In a recent post, I considered the history of the prescription drug OxyContin that, in the minds of many, has singularly opened a Pandora’s Box of widespread addiction and abuse—affecting an ever growing number of individuals and even entire communities throughout America.
While it might seem far-fetched that anyone involved in the development, production or marketing of this drug was able to foresee—or even purposely cause—the truly epidemic levels of opioid abuse we are currently facing, it has become clear that many of those who were involved with this product (especially the marketing of it) acted irresponsibly and with little regard for anything but profit.
As evidence of this behavior, one needs only look to Suffolk County, NY and its recently filing against the drug manufacturer Purdue. The lawsuit claims that Purdue used deceptive marketing to downplay the risks of the drug while also improperly driving physicians to prescribe the medication in atypical situations—ultimately leading to an oversaturation of the market, which in turn led to misappropriation and abuse.
The Suffolk lawsuit also purports that Purdue cost the taxpayers of Suffolk County money, both in paying for the prescription of unnecessary drugs as well as for public services provided in the way of emergency room care and substance abuse programs.
Adding to a long list of legal complaints from other communities that includes Orange County of California, the city of Chicago and the state of Mississippi, this current litigation shines a very bright light on the alleged misleading marketing practices of the OxyContin sales team as well as the man who oversaw Purdue Pharma during this aggressive era of misconduct, Dr. Richard Sackler.
The son of Purdue Pharma founder Raymond Sackler, Richard Sackler was recently questioned under oath about his aggressive and unorthodox marketing practices as part of a Kentucky court order, marking the first time any member of the Purdue founding family has commented on their role in fostering America’s dependency on opioids.
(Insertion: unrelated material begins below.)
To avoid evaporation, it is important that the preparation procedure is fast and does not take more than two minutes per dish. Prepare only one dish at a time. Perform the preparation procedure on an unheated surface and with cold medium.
While the lawsuit settled for $24 million to be paid out to this afflicted Appalachian state, it is most likely not the last time there will be connections made to the family name that most recently appeared on the Forbes list of America’s Richest Families—as few will deny that it was the marketing of OxyContin that propelled them to a net worth of $14 billion in less than two decades.
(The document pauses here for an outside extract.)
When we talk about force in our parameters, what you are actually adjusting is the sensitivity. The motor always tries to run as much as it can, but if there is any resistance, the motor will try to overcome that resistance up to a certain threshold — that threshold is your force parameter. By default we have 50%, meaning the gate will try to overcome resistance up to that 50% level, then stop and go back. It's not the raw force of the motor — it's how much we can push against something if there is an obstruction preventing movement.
So are we approaching an end to this sordid story? It is hard to say. Unfortunately, OxyContin is not only still being manufactured and prescribed, but recent court actions involving Purdue’s patents have opened the door for generic manufacturers to now make the drug even more available and at a lower cost. In an attempt to expand their current market share, the company has recently gained FDA approval of OxyContin for use with children as young as 11 years old, and there is evidence that babies with Neonatal Abstinence Syndrome (NAS)—often caused by exposure to opioids like OxyContin while in the womb—is becoming one of the fastest growing newborn conditions in the U.S. Suffice to say, it will be of little surprise if lawsuits across the country continue to name OxyContin and Purdue Pharma for some time to come.